__Goal of the exercise__
Please restate the records below word for word, leaving out every picture.
────────────────────────────────────────
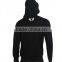 New Winter Thermal Wholesale Plain Black Hoodie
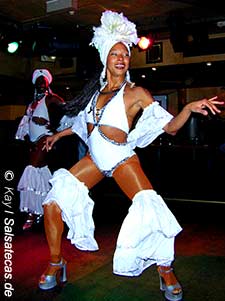 Salsa: Flanagans K�ln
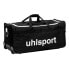 UHLSPORT Basic Line Travel&Team XL 110L Trolley Черный, XL - фото #1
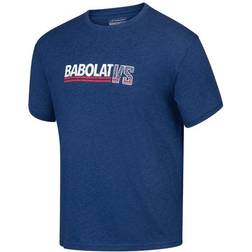 Babolat Exercise Vintage T-shirt - Blue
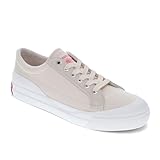 Levi's Herren Ls1 Low Sneaker, Cremeweiß, 45 EU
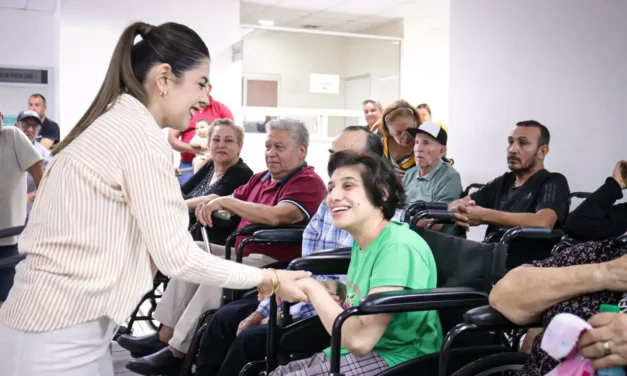 REALIZA DIF CULIACÁN LA DÉCIMA SEXTA ENTREGA DE SILLAS DE RUEDAS A PERSONAS CON DISCAPACIDAD MOTRIZ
────────────────────────────────────────
__Solved problem__
 New Winter Thermal Wholesale Plain Black Hoodie
 Salsa: Flanagans K�ln
 UHLSPORT Basic Line Travel&Team XL 110L Trolley Черный, XL - фото #1
 Babolat Exercise Vintage T-shirt - Blue
 Levi's Herren Ls1 Low Sneaker, Cremeweiß, 45 EU
 REALIZA DIF CULIACÁN LA DÉCIMA SEXTA ENTREGA DE SILLAS DE RUEDAS A PERSONAS CON DISCAPACIDAD MOTRIZ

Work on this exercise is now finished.